Time-to-fault prediction for industrial turning machines is achieved using advanced techniques from deep learning, including LSTM, GRU, CNN, Deep-MLP, DNN, AE, and TCN in the deep learning models. Extensive training on a novel fault time prediction dataset and careful tuning of the models’ parameters have enabled these deep learning models to achieve high performance metrics, including high prediction performance and reliability. Among these techniques, the LSTM model stands out for its exceptional effectiveness in accurately predicting the time until faults occur in the industrial turning machine. The LSTM’s performance is compared using metrics such as MAE, RMSE, and R² with other deep learning models.

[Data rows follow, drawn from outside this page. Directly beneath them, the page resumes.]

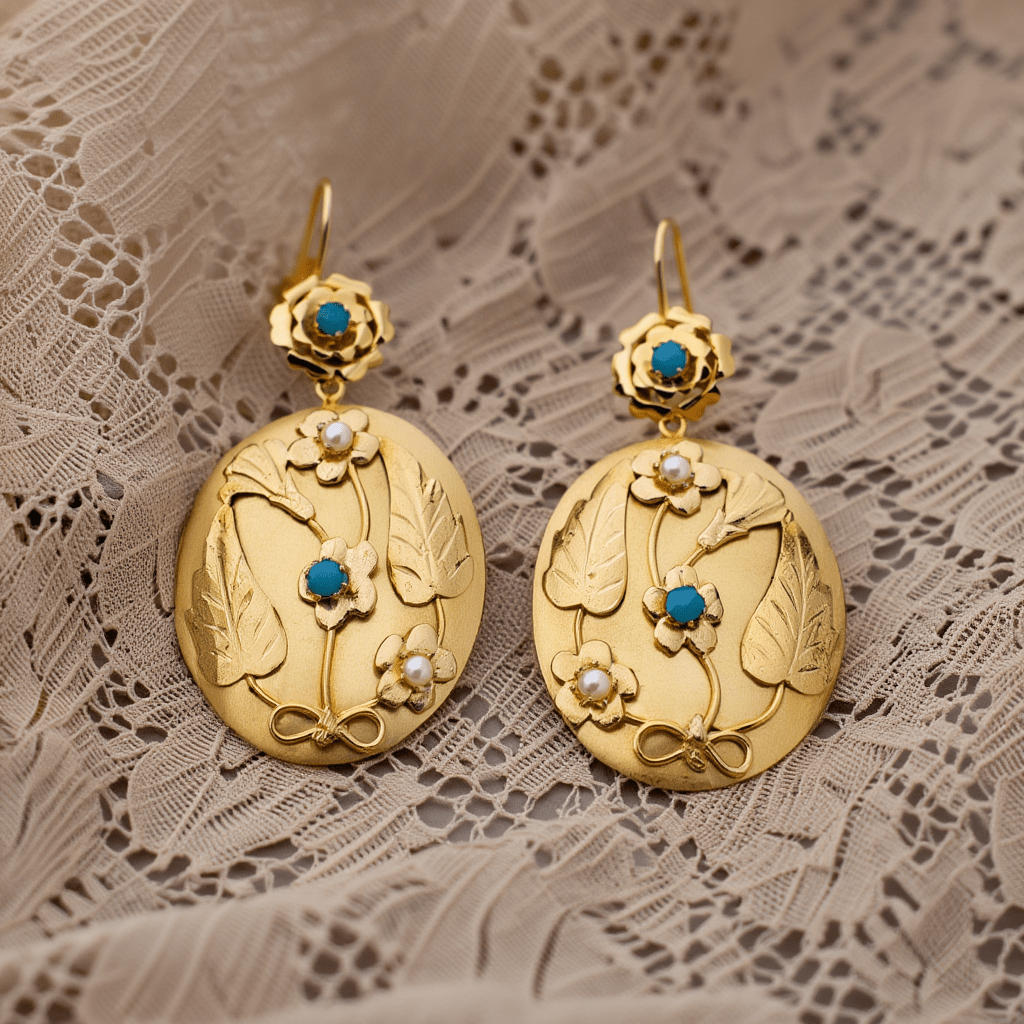 Pendientes María en plata chapada en oro (5 cm) - Gold Store Premium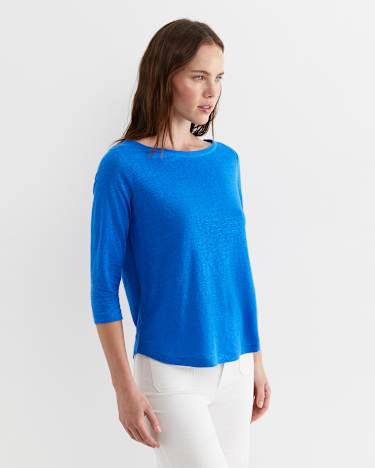 Cecile Linen Top in PEACOCK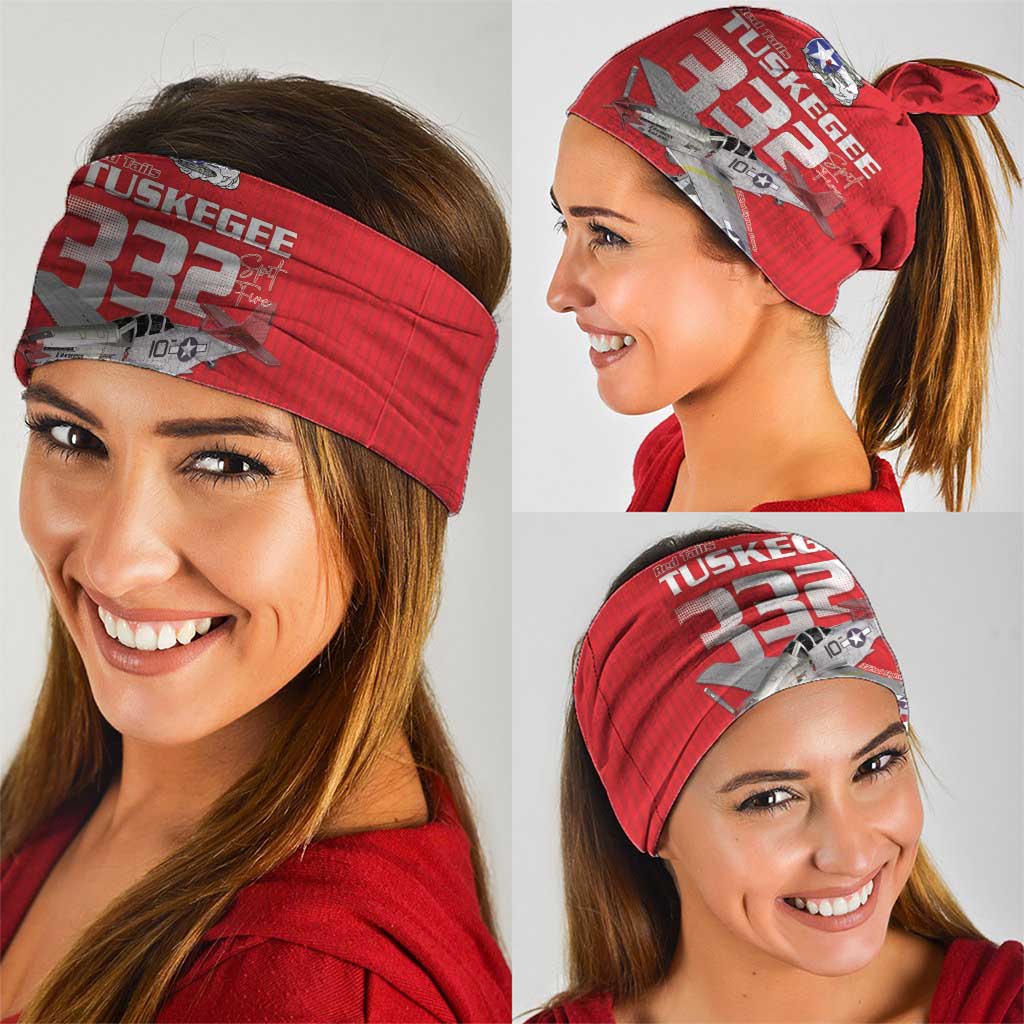 Tuskegee Red Tails Airmen Neck Gaiter P-51 Mustang 332nd Fighter Group - Red LT15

4.1. Deep Learning Techniques

Deep learning uses neural networks to automatically learn patterns from large datasets, improving prediction accuracy and classification. Unlike traditional machine learning, which requires manual feature extraction, deep learning models automatically identify the relevant features from raw data. This ability is especially useful for complex tasks like fault prediction, as deep learning models can handle various types of data and adapt to complex relationships within it.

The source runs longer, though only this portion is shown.